On the heels of three memoranda from its General Counsel, multiple ALJ decisions, and even one or two decisions of the full Board addressing employer social media and communications policies over the last couple of years, the National Labor Relations Board (NLRB)’s decision last week in DirecTV, which held that DirectTV’s policies restricting certain employee communication were unlawfully overbroad, might be viewed by some as rather predictable. Nevertheless, despite the uncertain validity of recent Board decisions in general in light of the D.C. Circuit’s Noel Canning decision (see our blog post from yesterday for more discussion of the Noel Canning decision), DirecTV is instructive precisely because of its apparent routine nature. In short, as Board decisions related to social media and employee communications become more predictable and routine, the more the employer community has some reasonable assurance that it can craft policies that can withstand NLRB scrutiny.

Communication with the Media:

DirecTV had two policies relating to communications with media that were challenged in this case. The first, a handbook policy, said, simply, “Do not contact the media.” The NLRB said that this policy violated employee rights under Section 7 of the National Labor Relations Act (NLRA) because it covered employee comments to reporters about labor disputes. The Board did offer some guidance about what might be required of a permissible policy, finding that the rule should have differentiated between protected (by Section 7) statements and non-protected statements, like those that are maliciously false.

The second media communication policy, a “Public Relations” policy on the company intranet, said, in part, “Employees should not contact or comment to any media about the company unless pre-authorized by Public Relations.” The Board struck down this policy as well, holding that it would prevent workers from expressing disagreement with DirecTV to the media about labor disputes, including those about wages, hours, or terms and conditions of employment. These rights are protected by Section 7 of the NLRA. The Board noted that the rule made no attempt to limit its application to statements about proprietary information, which presumably would have been permissible.

Communication with Law Enforcement:

The same handbook policy on media communication also addressed communication with law enforcement. The policy stated that if law enforcement “wants to interview or obtain information regarding a DIRECTV employee . . . the employee should contact the Security department” who would handle the inquiry. The Board held that this policy would reasonably be understood by employees to require them to contact security before cooperating in an NLRB investigation of an unfair labor practice charge—even though the NLRA protects employees’ rights to file an unfair labor practice charge and provide information to the NLRB in an unfair labor practice investigation. The Board also found that it was overbroad to the extent it affected employee contact with other law enforcement officials concerning wages, hours, or working conditions. While the Board did not give examples, this would include communications with the Department of Labor, Ohio Bureau of Wage & Hour Administration, the Occupational Safety and Health Administration (OSHA), or Ohio Bureau of Workers’ Compensation.

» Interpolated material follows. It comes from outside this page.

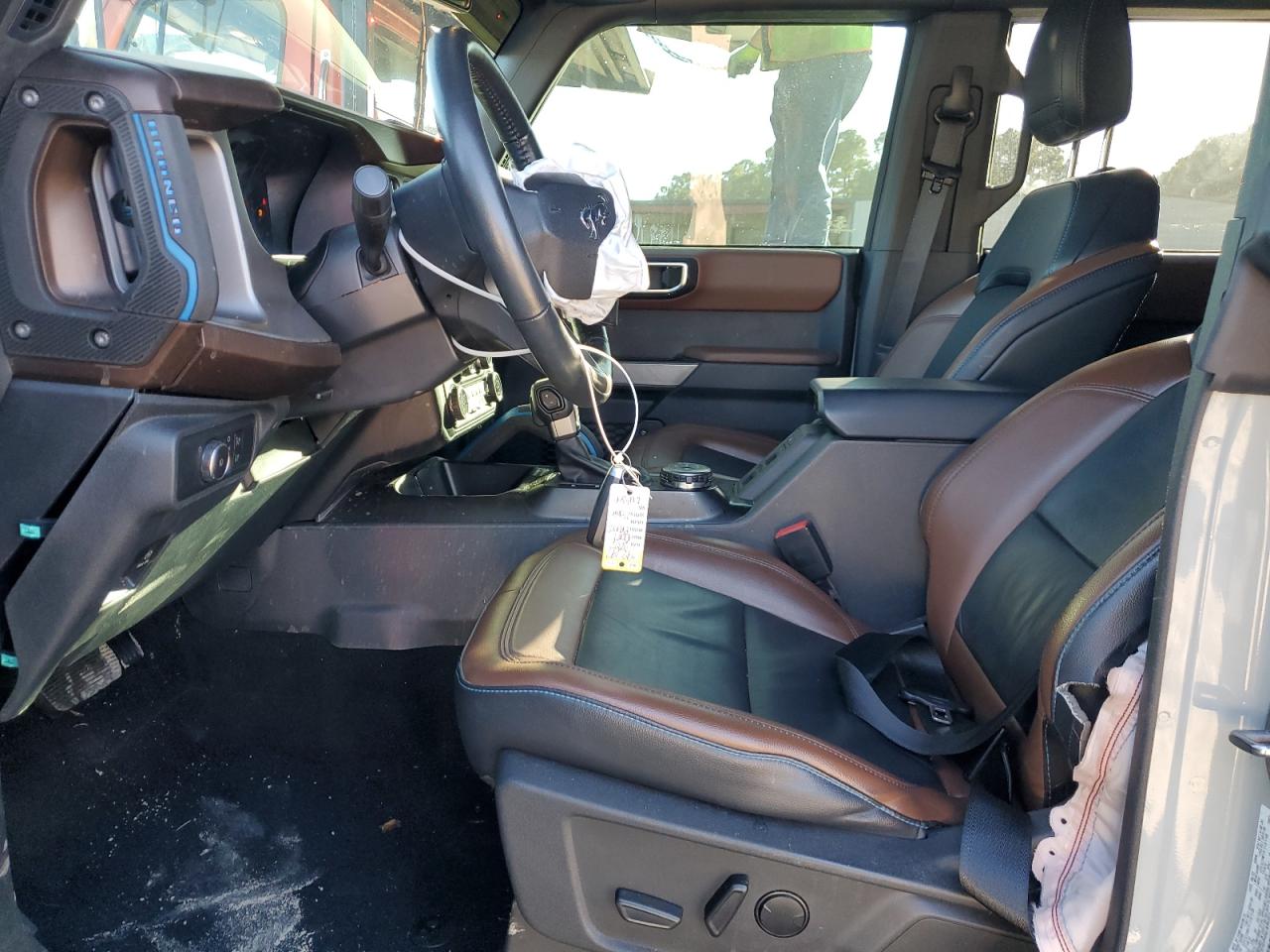 2022 Ford Bronco Base VIN: 1FMEE5DP9NLB56521 Lot: 86735325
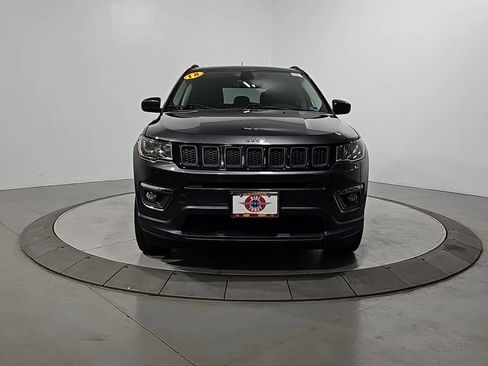 Used 2018 Jeep Compass Latitude w/ Popular Equipment Group image 9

The NLRB similarly struck down a handbook policy that said that employees should “[n]ever discuss details about [their] job, company business or work projects with anyone outside the company” and “[n]ever give out information about customers or DIRECTV employees.” Employee records were expressly included as confidential company information. The Board held that this policy would lead employees to believe that they were restricted in discussing wages, hours, and terms and conditions of employment—again, something Section 7 protects—and restricted in communicating with union representatives, Board agents, and other governmental agencies about workplace matters—which is also protected by the NLRA.

“Company Information”:

Finally, the Board struck down an intranet policy that prohibited employees from blogging, entering chat rooms, posting messages on public websites, or otherwise disclosing non-public company information. No definition of “company information” was given. “The Board read the previous confidential information policy in conjunction with this policy to conclude that it included discussion of employee records. The Board held that “company information” reasonably could be interpreted to include wages and other information about terms and conditions of employment, which, as mentioned above, cannot be restricted.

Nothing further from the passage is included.